В спальне огромного дома, куда привел ее, уставшую и счастливую после лыжной прогулки, Женя, сосед, она, сморенная и переполненная свежестью, уснула. А когда проснулась, поняла, что снова совершила какую-то глупую ошибку, позабыв про все на свете. И с ужасом представила себе, что сейчас происходит в соседнем доме, где она оставила Игоря Николаевича, и поняла, что на этот раз он ее уж точно не простит. На улице была ночь, окна в доме, где она могла бы зажить взрослой жизнью, став женой Светлова, ярко горели. Она вдруг ясно поняла, что никогда уже не вернется в училище, к этим утомительным занятиям, упражнениям, прослушиваниям, концертам, но вместо того, чтобы расстроиться, почувствовала невыразимую радость и свободу! Ей теперь не придется вставать чуть свет, чтобы ехать в училище, разучивать до ломоты в пальцах очередной этюд или прелюдию Баха, выслушивать нравоучения Игоря Николаевича, ревновать его к другим его ученицам, но, главное, не придется краснеть каждый раз, когда он попросит ее раздеться. Сейчас, когда она чуть не потеряла сознание от прикосновений молодого и сильного парня Жени, когда успела насладиться запахом его тела и упругостью его губ, ей было уже ничего не страшно, и она поняла, что уже никогда, что бы ни случилось, не позволит Светлову сделать с ней то, что он проделывал с ней буквально этим утром и что будет повторяться каждый день, если она все-таки выйдет за него замуж.

Насколько скованно чувствовала она себя в руках Игоря Николаевича, настолько свободной и открытой к наслаждению она была с Женей.

Он, в отличие от Светлова, не предлагал ей руку и сердце, просто сказал, мол, живи здесь сколько хочешь, деньги у меня есть.

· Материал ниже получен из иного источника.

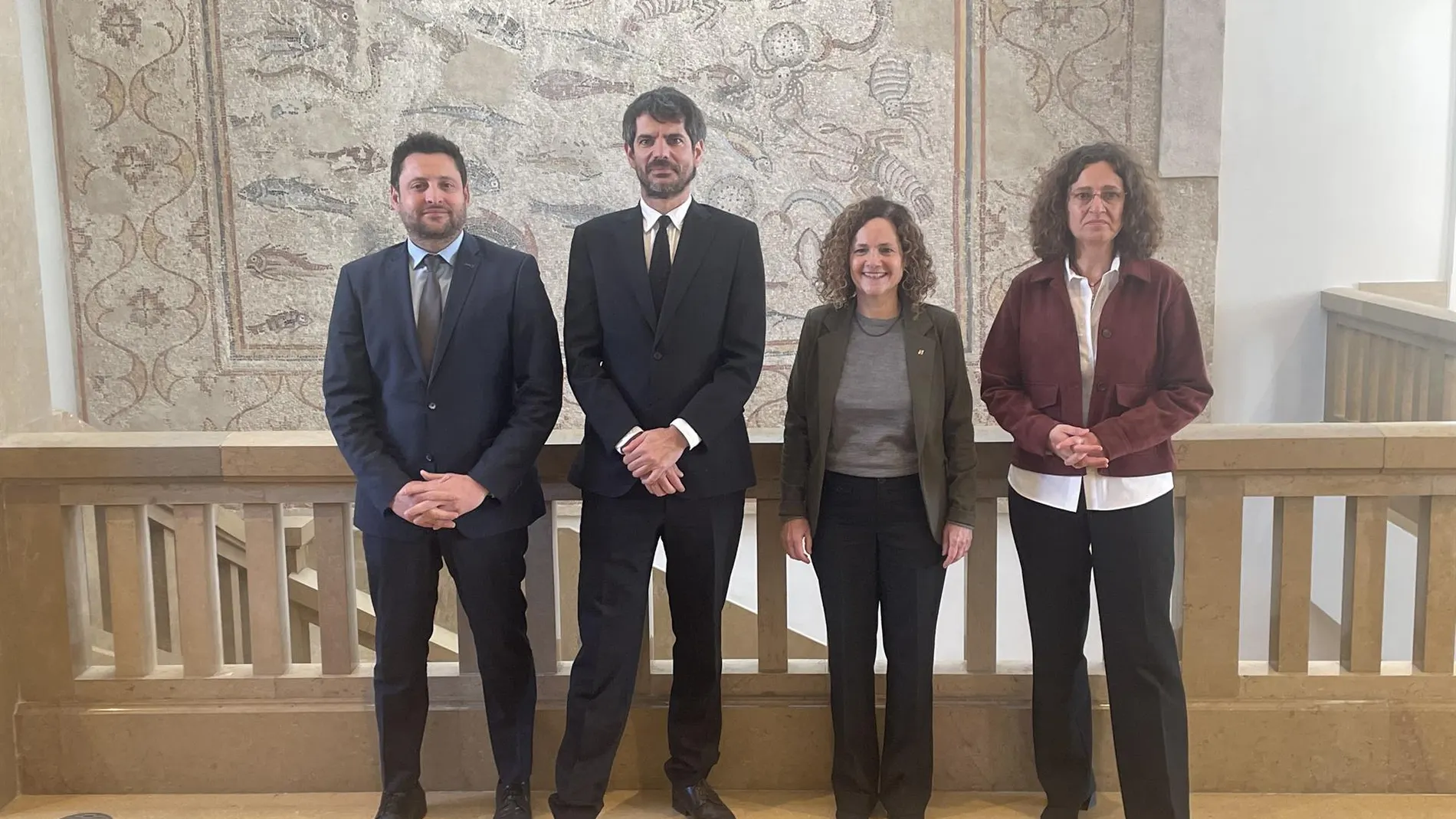 CATALUNYA.-AMP.- El Museu Arqueològic de Tarraco licita este mes su proyecto y prevé acabar obras en 2026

Никаких гарантий, никакого обещания светлого будущего, никакой определенности, просто кружится голова и хочется новых поцелуев. Что это, может, она сошла с ума, может, у нее повредился мозг после этой аварии? Но рядом с Женей и эта история с аварией и Олиным убийством поблекла, стала менее опасной, да и вообще приобрела оттенок фарса, какого-то черного гротеска. Рассказывая Женьке об этом, она хохотала как сумасшедшая, и ей было приятно, что он смеется над ее похождениями.

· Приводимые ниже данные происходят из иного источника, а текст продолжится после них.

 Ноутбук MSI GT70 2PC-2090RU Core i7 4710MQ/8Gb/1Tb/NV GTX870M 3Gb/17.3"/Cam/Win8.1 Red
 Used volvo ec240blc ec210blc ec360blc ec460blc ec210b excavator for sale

Вычеркнув из своих мыслей все, что было связано с музыкой, училищем и Светловым, Таня словно вернулась в детство. И эта волна воспоминаний и детских впечатлений накрыла ее, как теплым лоскутным одеялом, подставив яркому зимнему солнцу подзабытые картины ее прежней жизни: родной деревенский пейзаж с речкой, лугами и длинными качелями над водой, милый до слез мамин профиль, когда она склонилась над миской с тестом; ее щека, припудренная мукой, ее улыбка, от которой на душе становилось так хорошо; скрип снега под великоватыми, но такими теплыми валенками, пухлые сугробы, огромная рыбина, выловленная соседом в проруби и подаренная им с мамой на жареху; газовая, пышущая жаром печка с голубыми изразцами в старом графском особняке, превращенном в музыкальную школу; огромных размеров букетище маков с ромашками в трехлитровой, зеленоватого стекла банке на столе в саду, жужжанье пчел; тарелка, полная клубники, рядом с кувшином молока…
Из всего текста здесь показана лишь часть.